After the Chargers answered with three to retake the lead, the Steelers got screwed. Eighteen seconds ran off the clock after Pittsburgh’s touchback. No one on the field noticed. The NFL is incredibly lucky that the Steelers didn’t run out of time—imagine the firestorm today.
The 
Steelers stalled a bit once they entered Charger territory, eventually 
facing a third and 6. With a three receiver set that saw the tight end 
blocking and Bell belatedly going out for a pass, no one could get open.

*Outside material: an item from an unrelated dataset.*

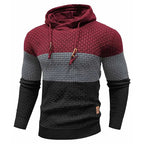 Men's Stretchy and Breathable Tricolor Long-Sleeve Hoodie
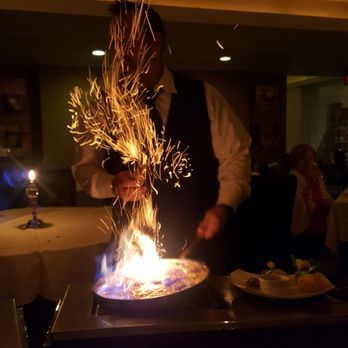 Bentley's Restaurant - Bananas foster Flambe' - French Near Me - Charlotte, North Carolina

 But with the secondary completely locked up, Vick sprinted up the 
middle for 24 yards, his first and only run of the game.
After a 
pass to Heath Miller at the 1 (and an unnecessary roughness foul that 
spared them from having to use their final timeout, which would have 
made their choice for them), the Steelers had to decide whether to kick 
the field goal and go to overtime, or try to win it then and there. 
“I knew we were going for it,” Bell said. “I knew the play was going to get called. We were talking about it all week.“We knew coming into the week that if there was a play that we have to have at fourth-and-1 or goal line, we were going to that wildcat play.”
The play—a 
wildcat formation, with a direct snap to Bell at the six-yard-line—was a
 gamble. Pittsburgh could have split the difference. Given their 
remaining timeout, something like a QB sneak or a quick pass would have 
left time for a field goal if it didn’t succeed. But what they went with
 wasn’t guaranteed to leave any time on the clock, as it ultimately 
didn’t.
A couple of
 other things going against it: the play is relatively new to the 
Steelers’ playbook, only being installed a few days ago. And it had yet to work.

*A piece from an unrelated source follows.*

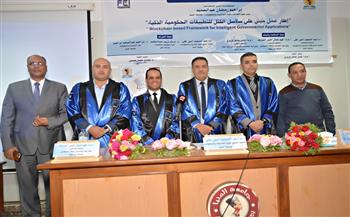 الباحث إبراهيم رمضان يحصل على درجة الماجستير من جامعة المنيا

“[Two days ago in our ‘seven shots’ before practice, it was the exact same formation, exact same play — and we stopped him,” linebacker Arthur Moats said. “And he said, ‘I’m running through that.’So when they called it out, we were sitting there saying, ‘OK, we’re going to find out if it’s real or not.’”
It was not a
 “safe” play, but that was one of its advantages. If observers couldn’t 
quite believe Bell would go outside, taking up more time and foregoing 
the possibility of a consolation field goal, the Chargers didn’t believe
 it either. “I saw the D-line kind of slant to the inside,” Bell said. 
Bell hit 
traffic, wriggled outside, got his leg wrapped up by Donald Butler, 
extended his arms, and crossed the plane by inches before his knee 
touched down. A review confirmed the touchdown and the hard-earned win 
for Pittsburgh. It’s a pleasure to see a team willing to gamble, and get
 rewarded for it.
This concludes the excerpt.